RECORDED INFORMATION Start Marker

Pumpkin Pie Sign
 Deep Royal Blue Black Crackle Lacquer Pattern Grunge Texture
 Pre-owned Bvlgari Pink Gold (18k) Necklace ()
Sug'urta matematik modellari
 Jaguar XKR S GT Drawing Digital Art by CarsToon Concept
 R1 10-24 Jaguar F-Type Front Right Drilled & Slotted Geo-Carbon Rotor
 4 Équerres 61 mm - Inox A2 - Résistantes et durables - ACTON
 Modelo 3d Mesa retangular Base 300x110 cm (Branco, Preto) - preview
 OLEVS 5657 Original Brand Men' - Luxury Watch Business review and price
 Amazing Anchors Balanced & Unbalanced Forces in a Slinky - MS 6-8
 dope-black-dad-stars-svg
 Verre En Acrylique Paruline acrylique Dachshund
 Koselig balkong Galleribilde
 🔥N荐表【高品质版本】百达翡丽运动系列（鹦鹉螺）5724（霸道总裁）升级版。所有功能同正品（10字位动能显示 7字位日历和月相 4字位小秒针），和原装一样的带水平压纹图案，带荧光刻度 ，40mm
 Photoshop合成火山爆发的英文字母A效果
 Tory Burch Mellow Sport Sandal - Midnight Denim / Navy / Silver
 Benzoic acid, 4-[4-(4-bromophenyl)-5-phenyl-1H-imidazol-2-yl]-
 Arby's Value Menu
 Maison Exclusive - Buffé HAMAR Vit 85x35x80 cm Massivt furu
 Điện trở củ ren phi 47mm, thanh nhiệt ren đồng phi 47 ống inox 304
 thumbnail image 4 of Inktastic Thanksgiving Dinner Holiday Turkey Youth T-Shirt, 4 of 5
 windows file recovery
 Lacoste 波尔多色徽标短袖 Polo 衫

RECORDED INFORMATION End Marker

> TASK GOAL
Which lines above carry the string "Jaguar"? Copy those lines.

> TASK ANSWER
 Jaguar XKR S GT Drawing Digital Art by CarsToon Concept
 R1 10-24 Jaguar F-Type Front Right Drilled & Slotted Geo-Carbon Rotor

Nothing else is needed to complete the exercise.